### PROBLEM TO WORK ON
Only lines holding the word "round" are needed; copy each of them from the material.
(Beginning of WORKING DATA)
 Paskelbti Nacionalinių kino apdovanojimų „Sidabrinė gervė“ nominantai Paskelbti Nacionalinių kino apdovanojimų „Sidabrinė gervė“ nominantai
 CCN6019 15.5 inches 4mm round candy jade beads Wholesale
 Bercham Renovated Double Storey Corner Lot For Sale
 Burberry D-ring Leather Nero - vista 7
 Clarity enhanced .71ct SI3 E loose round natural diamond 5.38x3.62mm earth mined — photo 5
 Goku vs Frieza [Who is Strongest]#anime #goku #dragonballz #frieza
(End of WORKING DATA)
(Beginning of WORKING DATA)
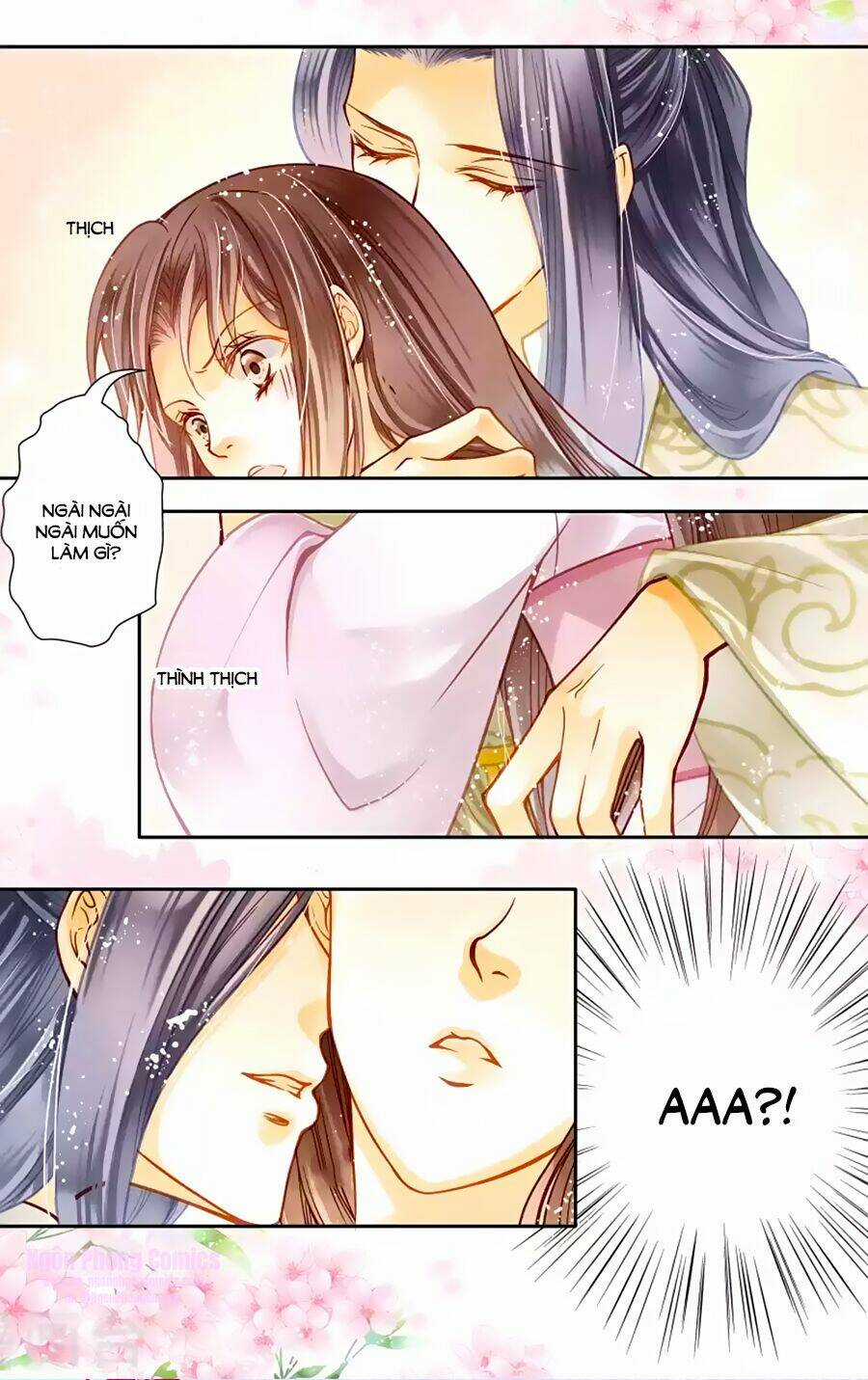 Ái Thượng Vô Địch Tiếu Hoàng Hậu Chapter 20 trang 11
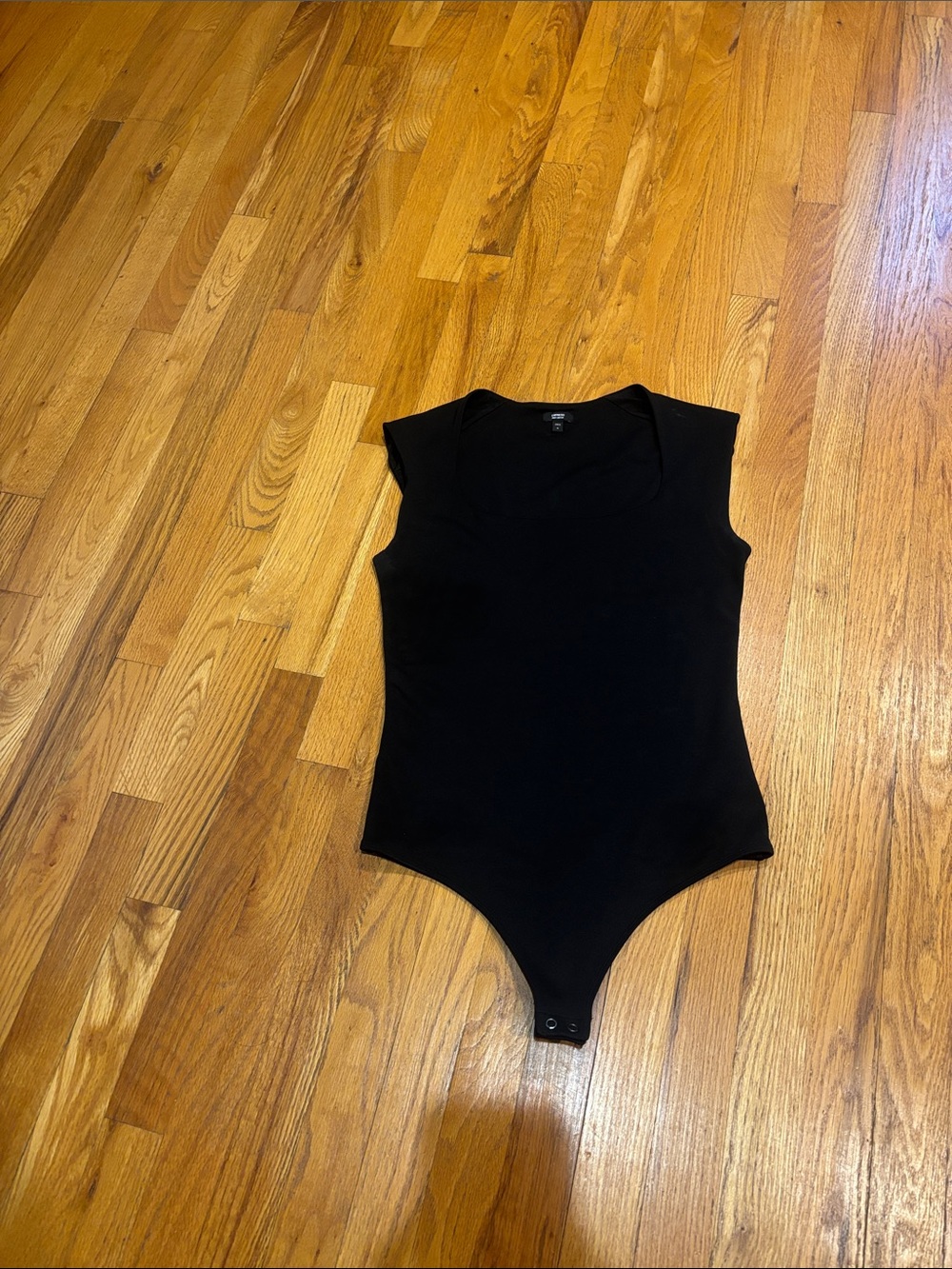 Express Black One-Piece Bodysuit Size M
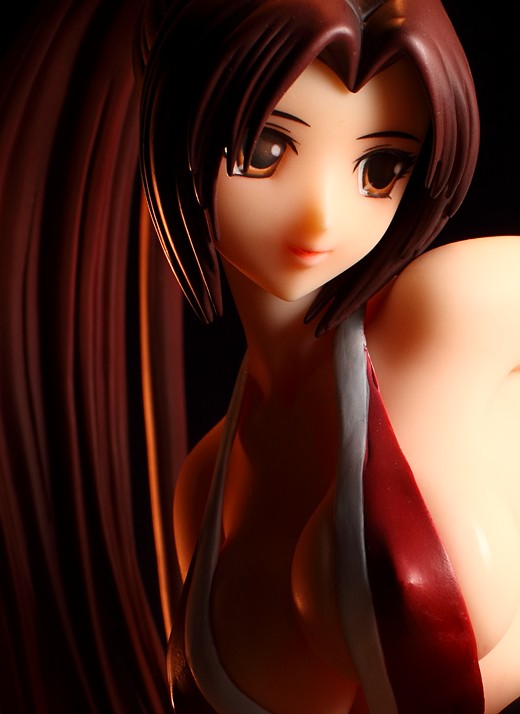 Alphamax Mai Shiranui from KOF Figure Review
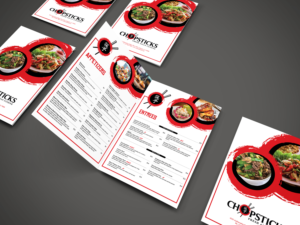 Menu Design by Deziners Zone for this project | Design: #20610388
(End of WORKING DATA)
### REPLY
 CCN6019 15.5 inches 4mm round candy jade beads Wholesale
 Clarity enhanced .71ct SI3 E loose round natural diamond 5.38x3.62mm earth mined — photo 5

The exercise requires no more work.